This is the world's first (oldest) webpage. It's at CERN, where Tim Berners-Lee created the WWW protocols and httpsd web server in 1990-91. That makes the below a 22-year-old website. Interesting.
I think it's cool they still have it up and available – I'm not sure to what extent it retains its original form, but based on appearances it matches closely with my recollection of what the internet (er… "world wide web") looked like in the very early years.
I'm pretty sure my first experience with WWW was at the University of Minnesota libraries, which were already running the locally developed gopher protocols (which was an early alternate version of www, basically) for their online library catalog in 1993, and they were experimenting with https in the same vein. I distinctly recall seeing "websites" that looked exactly like the above – all white with black text and blue links, zero or quite minimal graphics.

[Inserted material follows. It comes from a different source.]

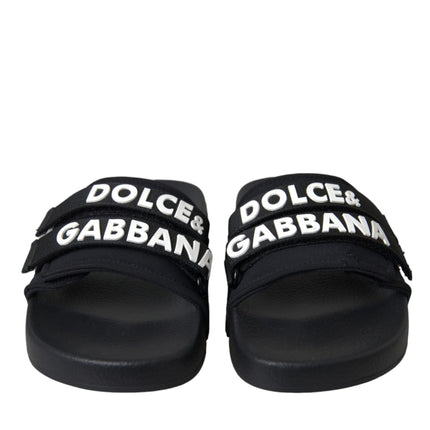 Black Logo Beachwear Flats Sandals Shoes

I wrote and published my first website in 1995, in raw html using a text editor, as a first-year graduate student at University of Pennsylvania – I used the now defunct geocities hosting site. I was publishing syllabi and supplementary materials for my Spanish classes that I taught there at that time. I called it "macondonet" after García Márquez's fictional town, Macondo.
I wish I still had the code for those early pages – it would be fun to keep them live somewhere as a sort of nostalgia trip. I was lucky in that I was attending early-adopting institutions at the time the internet was first emerging, and thus I got to be an early adopter, too. I think it's ironic that all these years later, as a teacher, I'm "lower tech" than I was at that time.